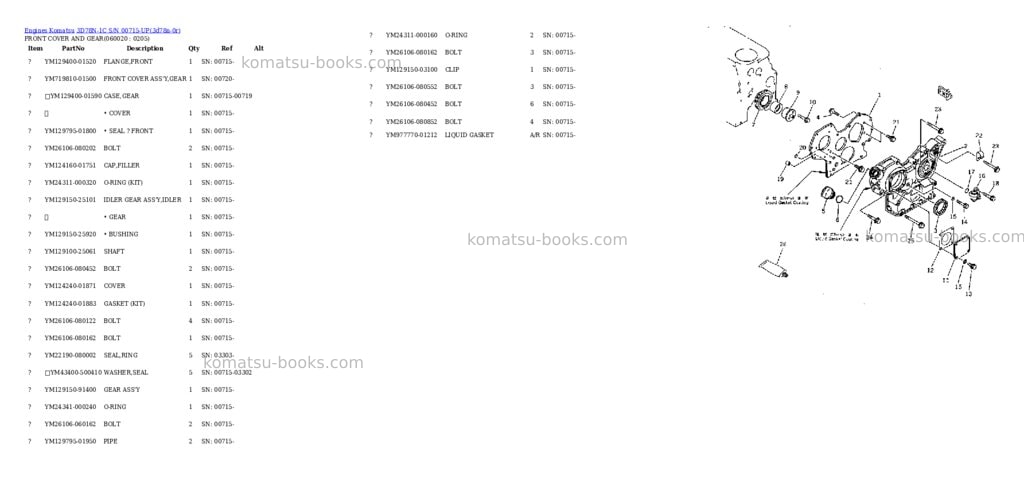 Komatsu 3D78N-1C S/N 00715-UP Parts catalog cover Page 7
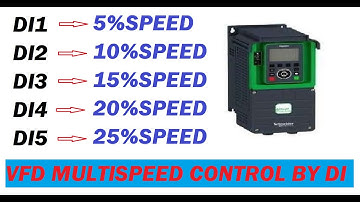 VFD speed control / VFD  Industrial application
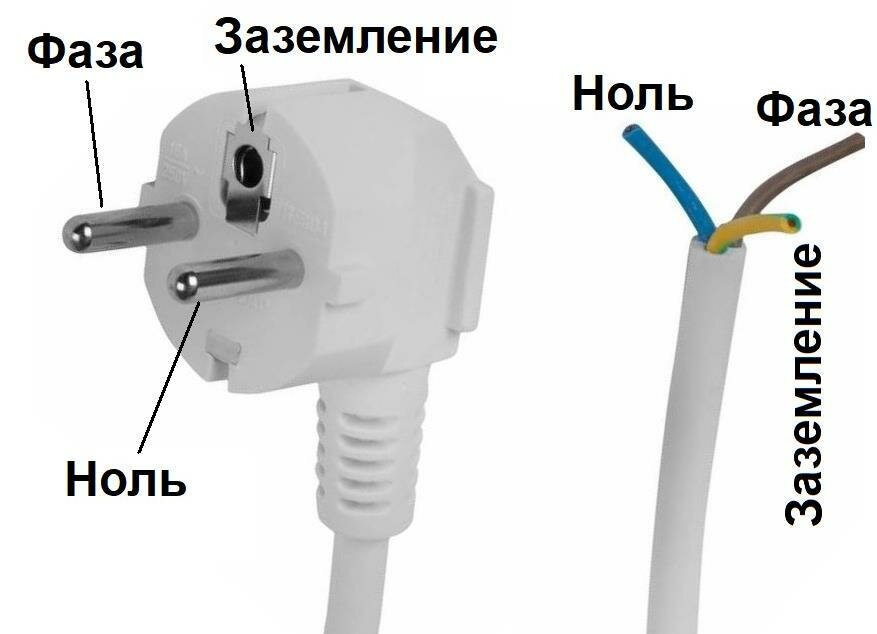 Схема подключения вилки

--

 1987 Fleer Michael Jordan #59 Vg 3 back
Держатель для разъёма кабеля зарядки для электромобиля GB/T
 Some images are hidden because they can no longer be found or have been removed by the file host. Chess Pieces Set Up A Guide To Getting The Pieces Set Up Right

...

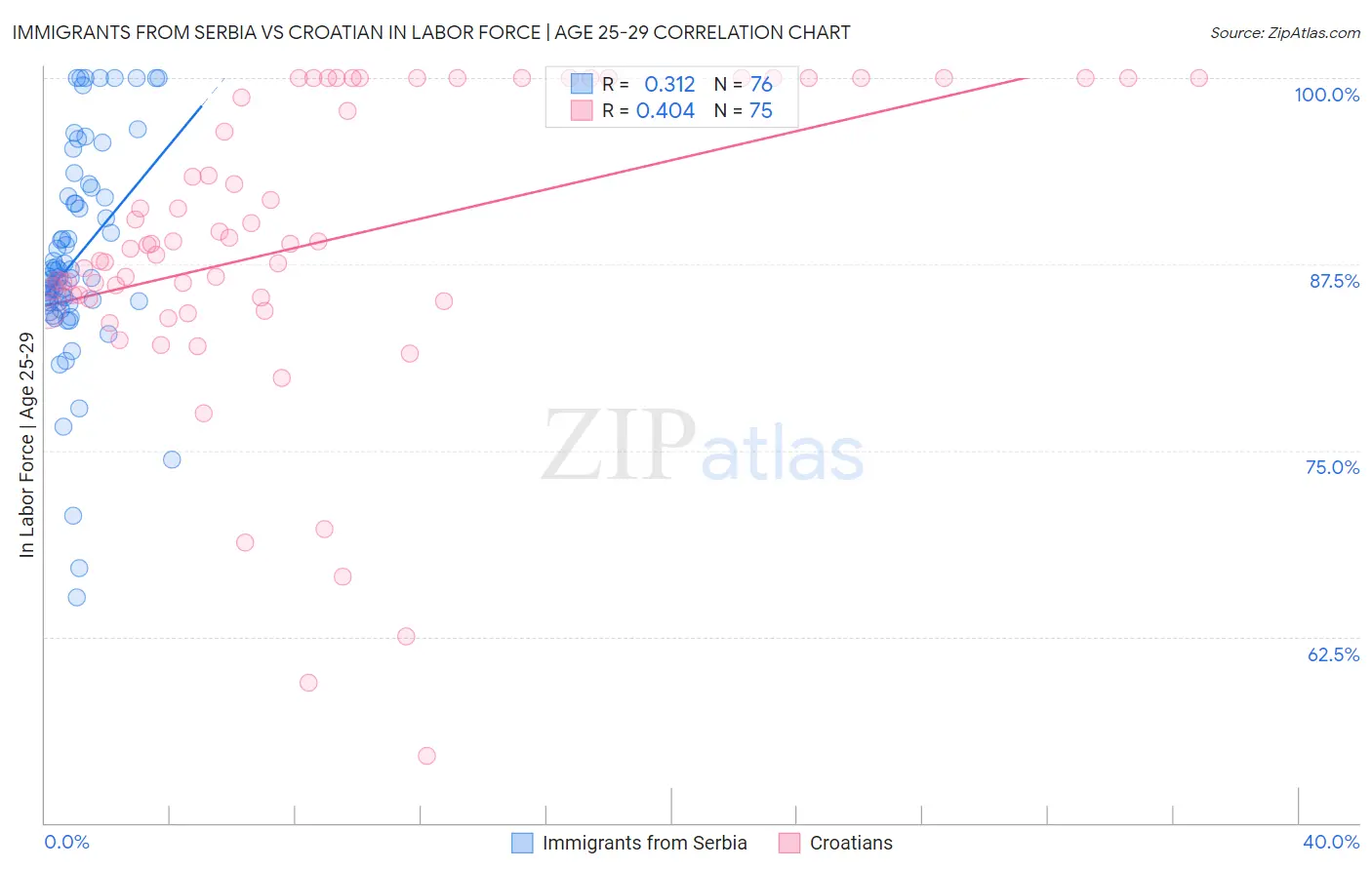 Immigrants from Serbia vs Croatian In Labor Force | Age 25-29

◆ Problem details ◆
Print exactly the lines above that run from the one with "Komatsu 3D78N-1C S/N" to the one with "Схема подключения вилки", both included. No pictures.

◆ Response below ◆
 Komatsu 3D78N-1C S/N 00715-UP Parts catalog cover Page 7
 VFD speed control / VFD  Industrial application
 Схема подключения вилки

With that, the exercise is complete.